_What is needed_: Word for word, restate the lines from the one holding "Removing www-searching.com from" through the last line of the material below, and leave every picture out.

_Data in this exercise_:
++++

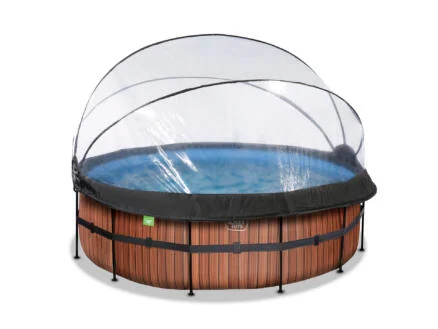 Exit Toys Wood piscine avec d?me 427x122cm + pompe Ã  chaleur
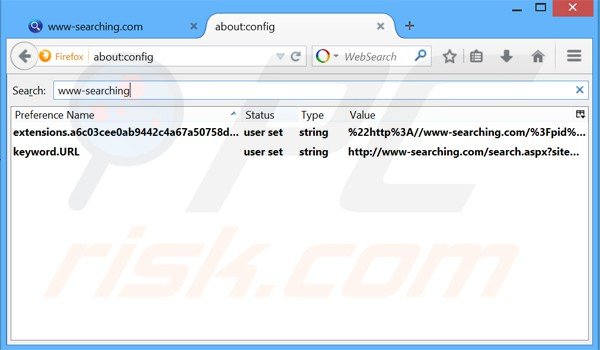Removing www-searching.com from Mozilla Firefox default search engine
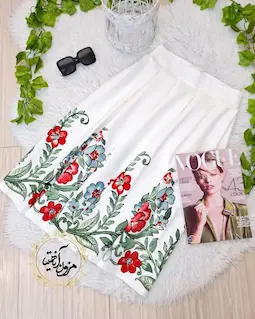 دامن پیله دار سفید طرح نیمه گلدار المیرا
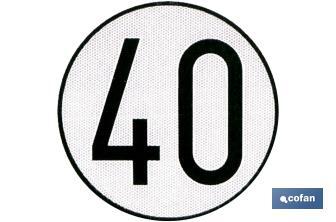 Placa V-4 limitação de velocidade (40 km/h) - Cofan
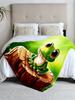 1 Piece Green Frog-themed Flannel Blanket, Soft, Suitable for Sofa, Bed, Office, All-season Use.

++++

_Answer section_:
Removing www-searching.com from Mozilla Firefox default search engine
 دامن پیله دار سفید طرح نیمه گلدار المیرا
 Placa V-4 limitação de velocidade (40 km/h) - Cofan
 1 Piece Green Frog-themed Flannel Blanket, Soft, Suitable for Sofa, Bed, Office, All-season Use.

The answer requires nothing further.